GIUSTIZIA

Per seguire il bunga-bunga ci vuole il tom-tom

Per seguire il bunga-bunga ci vuole il tom-tom

Se volete capire il processo Ruby 3, dovete armarvi di santa pazienza e di una cartina d’Italia (va bene anche GoogleMaps). Lunedì 2 luglio sono stati riunificati i due filoni che si stanno celebrando a Milano, ma ce ne sono altri ancora in giro per l’Italia: a Torino, a Siena, a Roma. Altri ce n’erano a Pescara, Treviso, Monza. Tutti con la stessa accusa e lo stesso protagonista: Silvio Berlusconi, che avrebbe pagato decine di testimoni per addomesticare le loro deposizioni davanti al giudici dei processi Ruby 1 (imputato Berlusconi di concussione e prostituzione minorile) e Ruby 2 (imputati Emilio Fede, Lele Mora e Nicole Minetti di favoreggiamento e sfruttamento della prostituzione).
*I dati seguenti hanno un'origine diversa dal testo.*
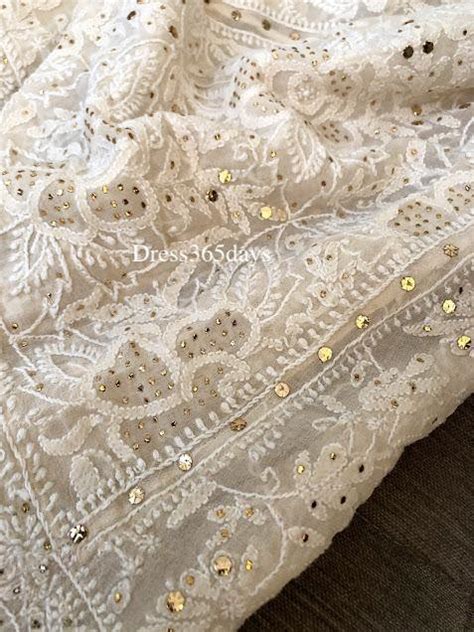 Mukaish and Chikankari Hand Embroidered Lehenga Set – Dress365days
Sono i processi del bunga-bunga, sulle feste hard del 2010 ad Arcore. “Cene eleganti”, secondo Berlusconi e molti dei suoi testimoni. “Un puttanaio”, secondo invece l’accusa e alcune ragazze che hanno rotto il fronte dell’omertà (Imane Fadil, Ambra Battilana, Chiara Danese).

I due processi si sono conclusi con l’assoluzione di Berlusconi e le condanne di Fede-Mora-Minetti. Ma gli stessi giudici che hanno scritto le sentenze hanno ritenuto che molti testimoni abbiano detto il falso. Così hanno mandato un lungo elenco di (presunti) falsi testi alla Procura di Milano, che ha fatto le indagini e ha contestato non solo la falsa testimonianza, ma anche la corruzione in atti giudiziari: a Berlusconi (che ha pagato un mucchio di soldi e altre utilità) e a trenta testi (che li hanno ricevuti).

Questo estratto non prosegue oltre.